◆ **Your instructions**:
In the records below, the relevant part opens with the line containing "Parker sonnet lacquer, Ophalen" and closes with the line containing "38 - Image 3"; print that part exactly and only, without its pictures.

◆ **Extracted entries**:
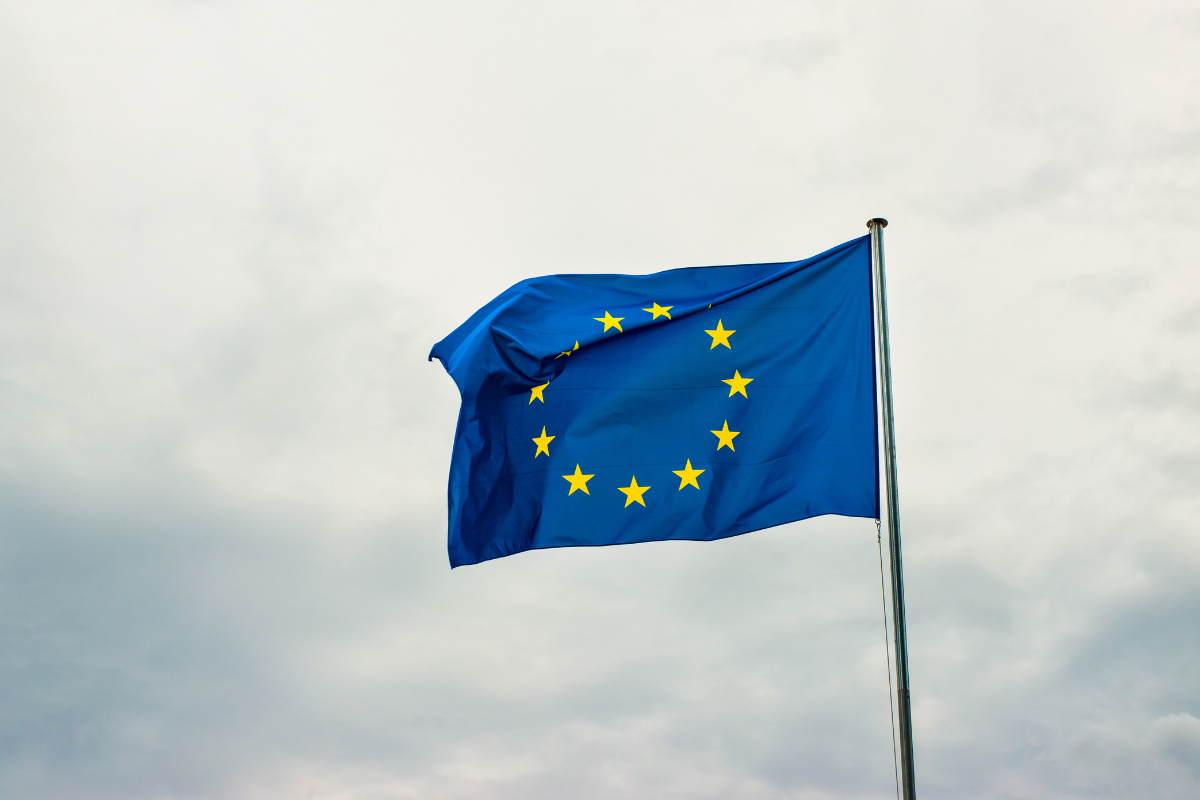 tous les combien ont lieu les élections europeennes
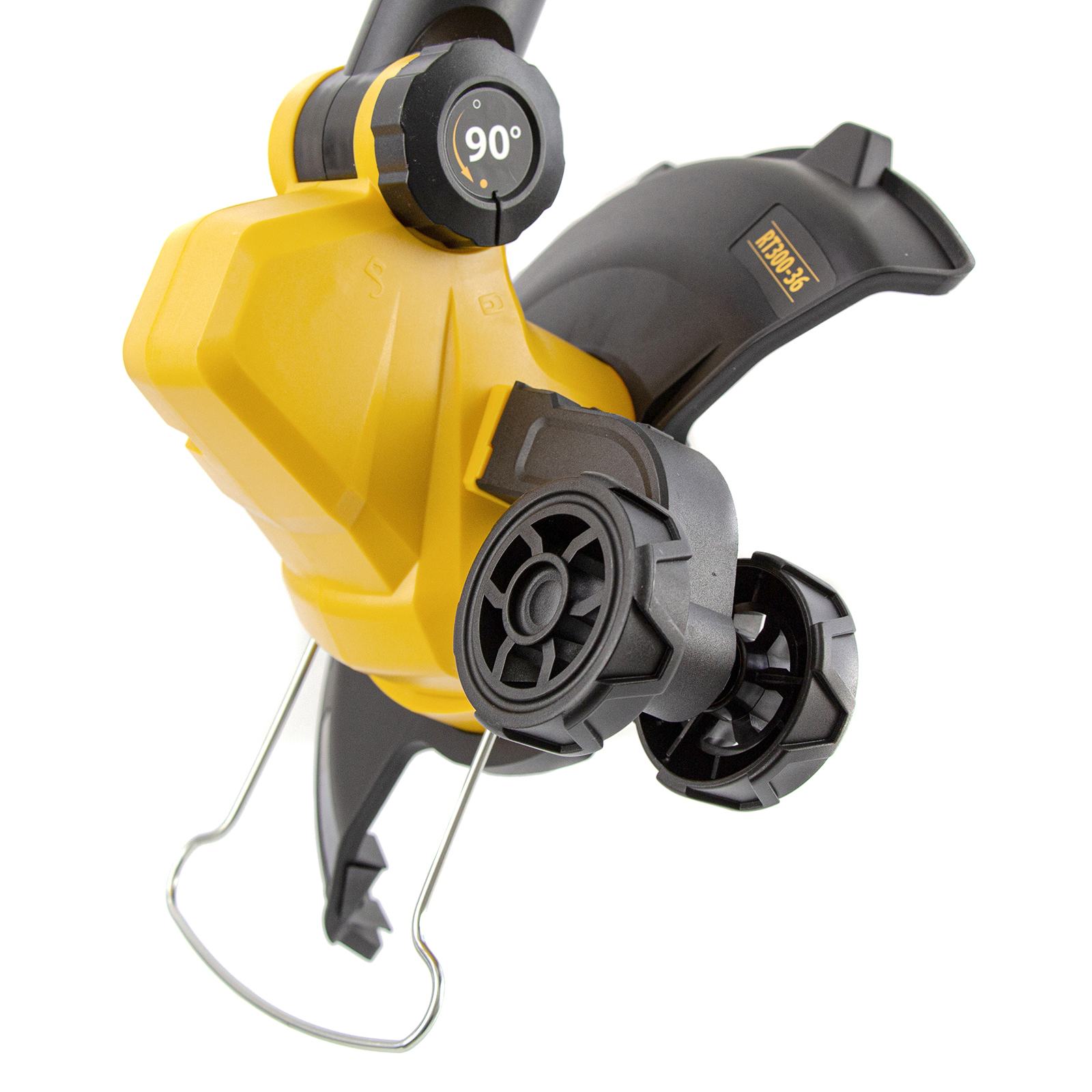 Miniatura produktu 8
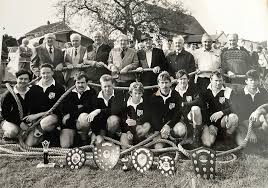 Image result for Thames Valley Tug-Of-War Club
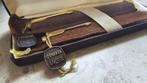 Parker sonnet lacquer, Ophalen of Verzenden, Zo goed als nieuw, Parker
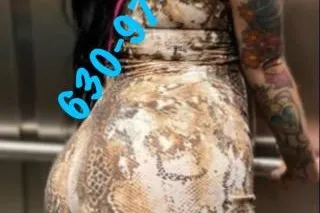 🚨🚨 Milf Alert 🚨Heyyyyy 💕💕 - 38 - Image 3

* * *

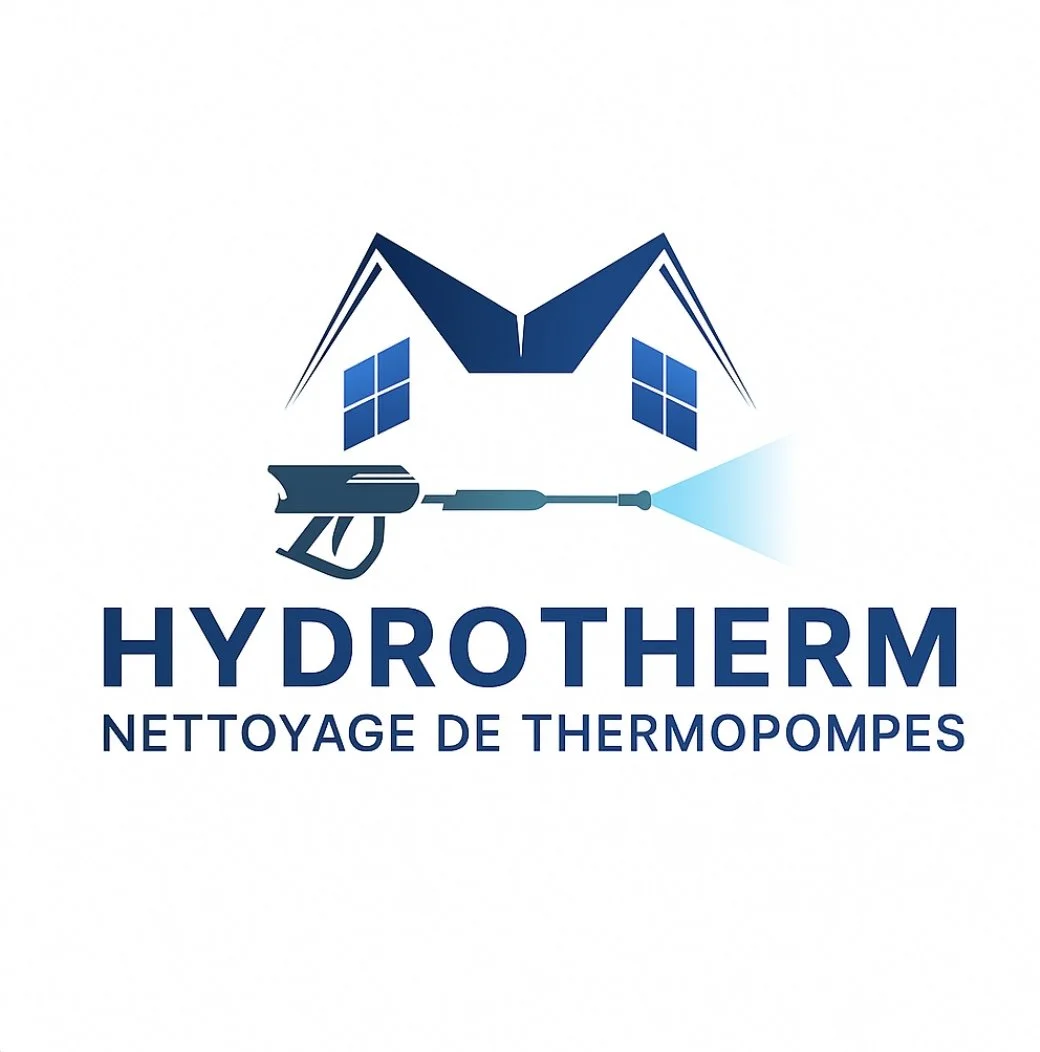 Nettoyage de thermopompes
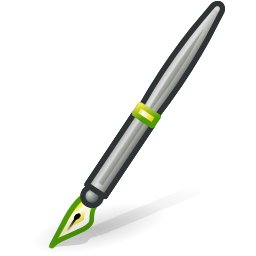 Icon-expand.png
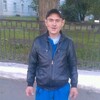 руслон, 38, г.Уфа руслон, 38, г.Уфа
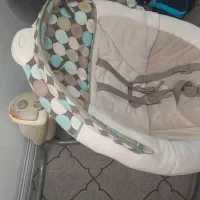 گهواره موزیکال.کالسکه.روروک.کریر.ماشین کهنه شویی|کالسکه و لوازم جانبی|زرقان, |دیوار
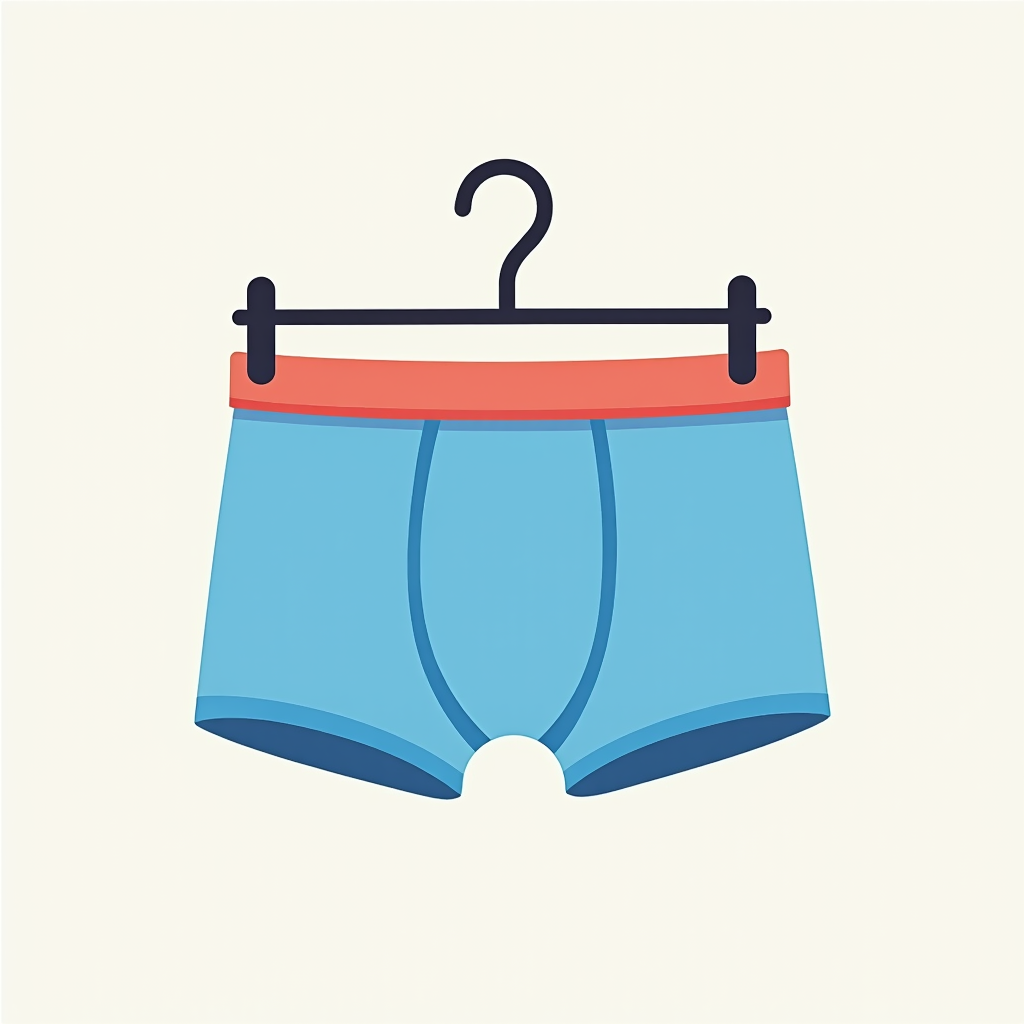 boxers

◆ **Your solution**:
 Parker sonnet lacquer, Ophalen of Verzenden, Zo goed als nieuw, Parker
 🚨🚨 Milf Alert 🚨Heyyyyy 💕💕 - 38 - Image 3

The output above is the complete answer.